_Recorded information:_
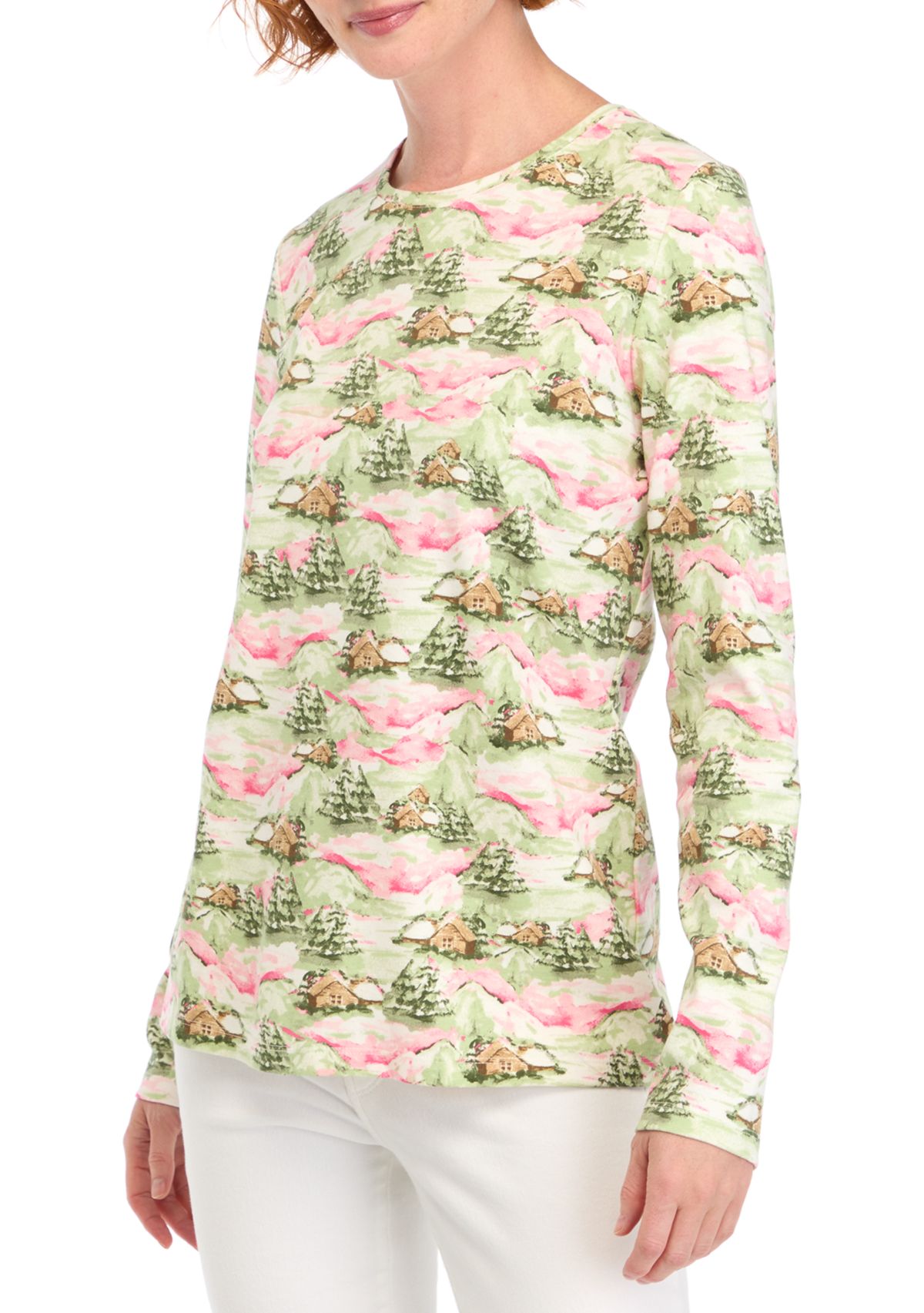 Womens Printed Crew Neck Top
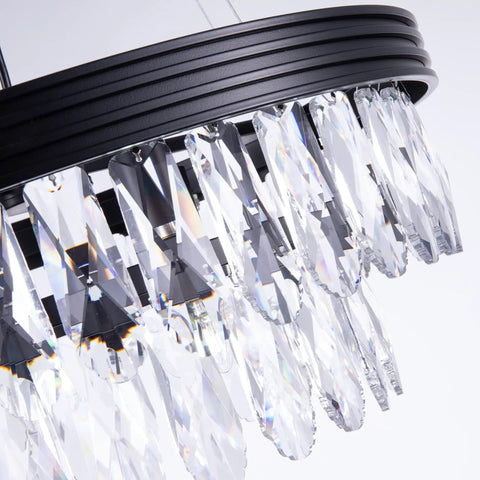Bold Black Drum Polygon Crystal Chandelier, 4 Light Modern Ceiling Fixture With Sleek Matte Black Finish close-up of crystal detail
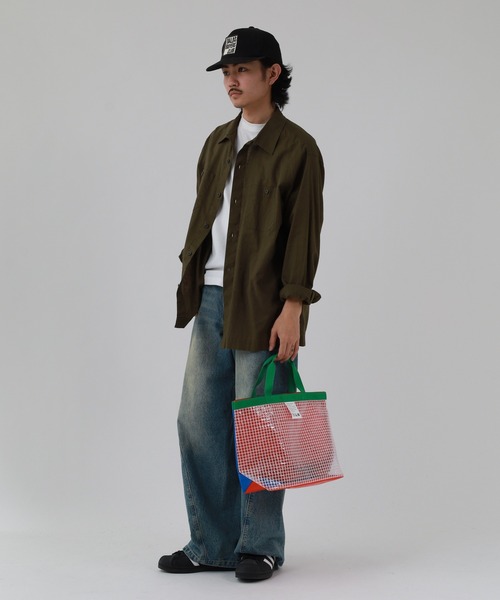 C&X MARKET(シーアンドエックスマーケット)の「C&X MARKET グリッド トートバッグ(トートバッグ・メンズ・レッド/ブルー・ONE SIZE)」の9枚目の写真
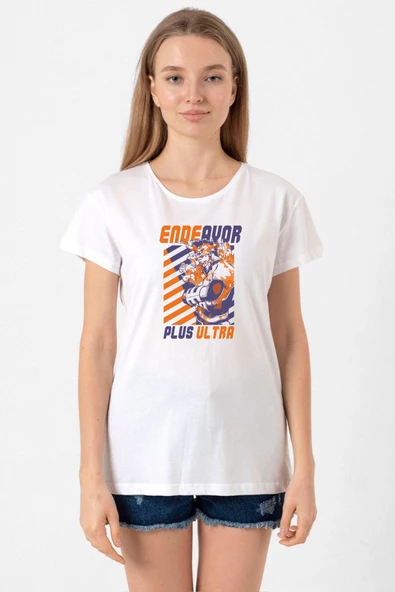 My Hero Academi Anime Endeavor Plus Ultra Beyaz Kadın Bisikletyaka Tshirt ürün görseli 1
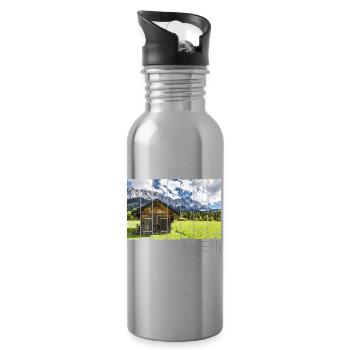 Garmisch Partenkirchen in Bayern Alpen Panorama - Trinkflasche mit integriertem Trinkhalm - Lightsilver - Rechts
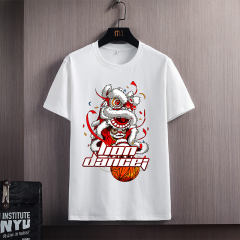 Men's Summer Streetwear Plus Size Fashion Tee Lion Dance Cartoon Printing T-shirt NYH1001A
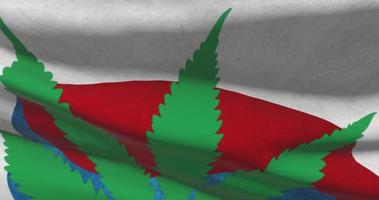 South Korea national flag with cannabis leaf. Legal status of medical marijuana in country. Government and THC. Social issue, politics, criminal and law news about weed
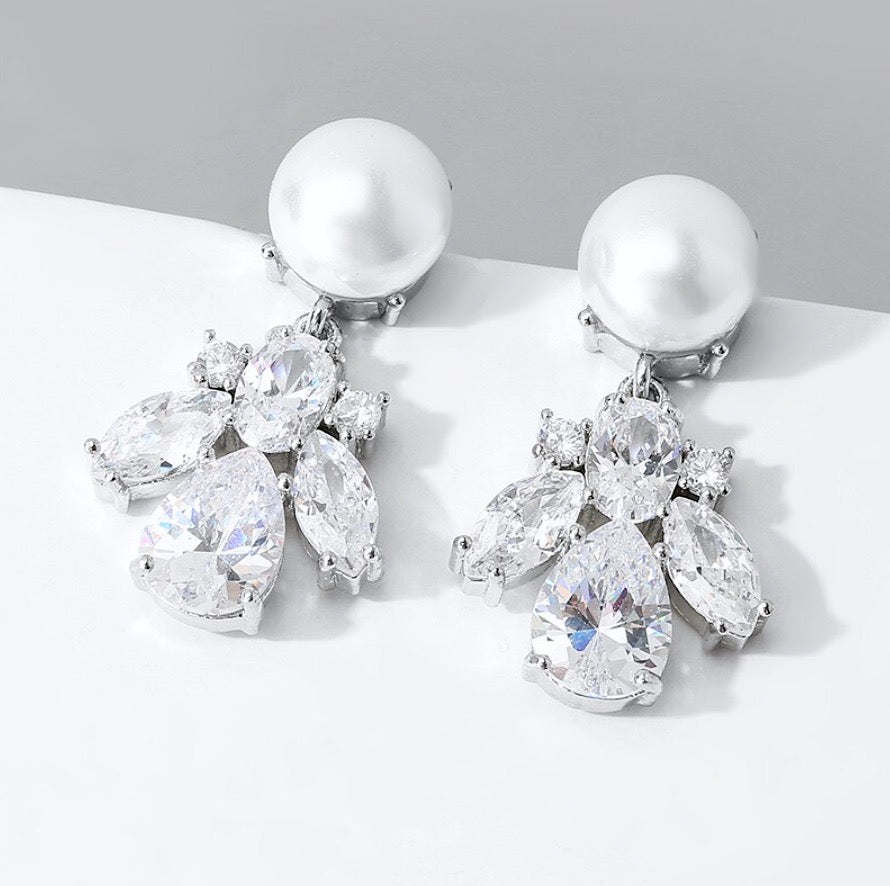 Wedding Jewelry - Pearl and Cubic Zirconia Bridal Earrings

_Exercise brief:_
Beginning with the line that contains "Men's Summer Streetwear" and ending with the final line of the entries, every line must be copied exactly; the pictures must not.

_Written solution:_
 Men's Summer Streetwear Plus Size Fashion Tee Lion Dance Cartoon Printing T-shirt NYH1001A
 South Korea national flag with cannabis leaf. Legal status of medical marijuana in country. Government and THC. Social issue, politics, criminal and law news about weed
 Wedding Jewelry - Pearl and Cubic Zirconia Bridal Earrings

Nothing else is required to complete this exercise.